The middle boyFor years my middle son, Mitch, has been a most annoying child. I love him dearly, mind you, but he just has to draw attention to himself constantly. He was always, ALWAYS, making noises or moving about just generally being annoying. He'd make you want to yell SIT STILL and BE QUIET practically every other minute.
He's fantastic with his little brother. Jordan adores playing with Mitch because Mitch is full of energy and full of silly nonsense. Non-stop loud, energetic, silly play. Just the sort of thing that a five year old loves and the sort of thing that begins to grate on your nerves after the first oh five minutes! Naw, I usually last a bit longer than that before I begin the "settle down" mantra. Well, unless I have headache and then it's about two and a half seconds. You see what entertains the five year old usually is a little bit annoying to the average adult.

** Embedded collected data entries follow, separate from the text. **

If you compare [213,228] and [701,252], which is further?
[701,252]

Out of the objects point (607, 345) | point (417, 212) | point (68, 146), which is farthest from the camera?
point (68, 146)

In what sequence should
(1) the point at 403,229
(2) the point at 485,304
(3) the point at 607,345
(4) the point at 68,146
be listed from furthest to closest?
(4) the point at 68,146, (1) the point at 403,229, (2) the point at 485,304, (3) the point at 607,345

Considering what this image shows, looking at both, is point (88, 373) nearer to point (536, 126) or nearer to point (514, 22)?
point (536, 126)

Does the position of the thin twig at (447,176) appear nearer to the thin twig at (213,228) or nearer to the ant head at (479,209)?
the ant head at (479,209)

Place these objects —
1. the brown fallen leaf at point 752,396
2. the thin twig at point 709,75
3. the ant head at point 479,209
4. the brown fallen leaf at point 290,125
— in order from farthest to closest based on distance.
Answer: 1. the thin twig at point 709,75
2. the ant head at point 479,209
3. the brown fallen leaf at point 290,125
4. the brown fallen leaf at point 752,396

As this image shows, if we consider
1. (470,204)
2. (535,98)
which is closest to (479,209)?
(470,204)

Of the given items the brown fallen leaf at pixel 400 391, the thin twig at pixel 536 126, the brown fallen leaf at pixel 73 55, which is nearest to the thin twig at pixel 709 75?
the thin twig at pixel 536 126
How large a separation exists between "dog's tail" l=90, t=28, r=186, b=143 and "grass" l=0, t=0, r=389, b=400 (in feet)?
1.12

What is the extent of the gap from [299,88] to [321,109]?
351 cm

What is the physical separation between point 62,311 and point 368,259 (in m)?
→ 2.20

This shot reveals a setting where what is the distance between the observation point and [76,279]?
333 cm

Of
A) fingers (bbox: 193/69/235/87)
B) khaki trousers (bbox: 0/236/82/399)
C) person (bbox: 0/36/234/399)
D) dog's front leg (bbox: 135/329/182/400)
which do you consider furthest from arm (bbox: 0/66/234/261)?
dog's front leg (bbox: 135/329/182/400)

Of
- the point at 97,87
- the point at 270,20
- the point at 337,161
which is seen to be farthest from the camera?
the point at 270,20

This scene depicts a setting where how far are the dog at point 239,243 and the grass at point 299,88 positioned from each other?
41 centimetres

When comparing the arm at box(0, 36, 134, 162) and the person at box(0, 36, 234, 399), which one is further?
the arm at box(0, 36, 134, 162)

It's more than the silliness and the constant movement though he also seems to enjoy asking the most inane questions. Stupid questions that have no actual answer but still ones that make you stop and try until you see the grin on his face and you realize that it's just another attention ploy.
It's a million little things that he does that annoys but lately I have noticed it starting to wane. He's suddenly engaging me in actual conversations with actual topics. Interesting stuff like how things work and even politics. It's an amazing change and I am beginning to enjoy spending time with him again. He and I go run errands together, we share jokes and talk about all sorts of things. He's always been the sort of kid that needs a lot of direct one on one contact on a very regular basis to keep his attention stores filled up but it's just different now. He is growing up. That one on one time doesn't feel like it once did. I hate to say like a chore because that sounds just awful but some days spending time with this child was exactly that. I am so very glad he seems to be outgrowing it.

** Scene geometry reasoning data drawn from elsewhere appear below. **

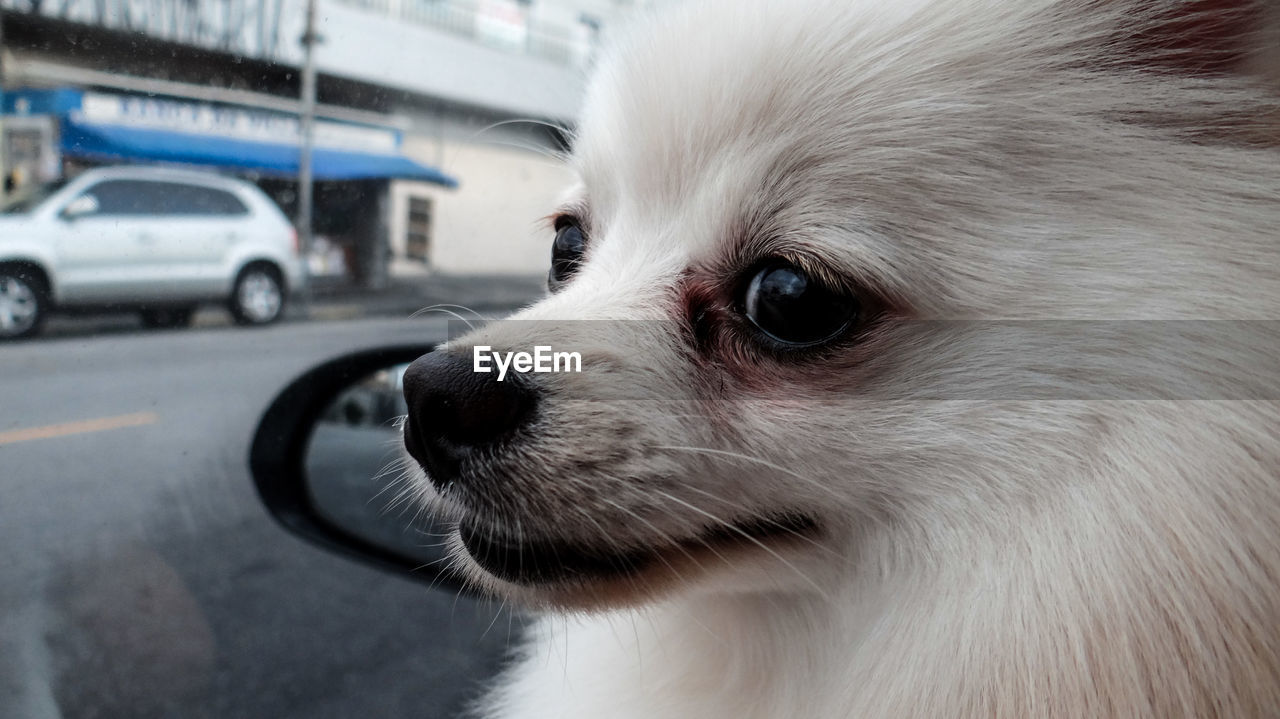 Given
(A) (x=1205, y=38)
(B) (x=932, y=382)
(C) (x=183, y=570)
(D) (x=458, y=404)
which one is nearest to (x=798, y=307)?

He is still lots of fun with his little brother but when I say enough he actually listens the first time. He is still full of energy but he seems to have found a nice balance in which he expels it at proper times instead of constantly. He's even taken to doing his homework on a regular basis without prompting. He's just simply growing up and he's growing up into a really great kid. He's always been a good kid, even well behaved, just so full of energy he didn't know how to control it and it just spilled over all the time. I am so proud to see these changes in him. I am so pleased that he seems to be feeling more comfortable in his own skin. Isn't that all we really want for our kids? He doesn't have to fit any particular mold just that he learns to love and cope well with the person that he is. He's growing up and it's a privilege to be able to watch it and even more so to be a part of his life.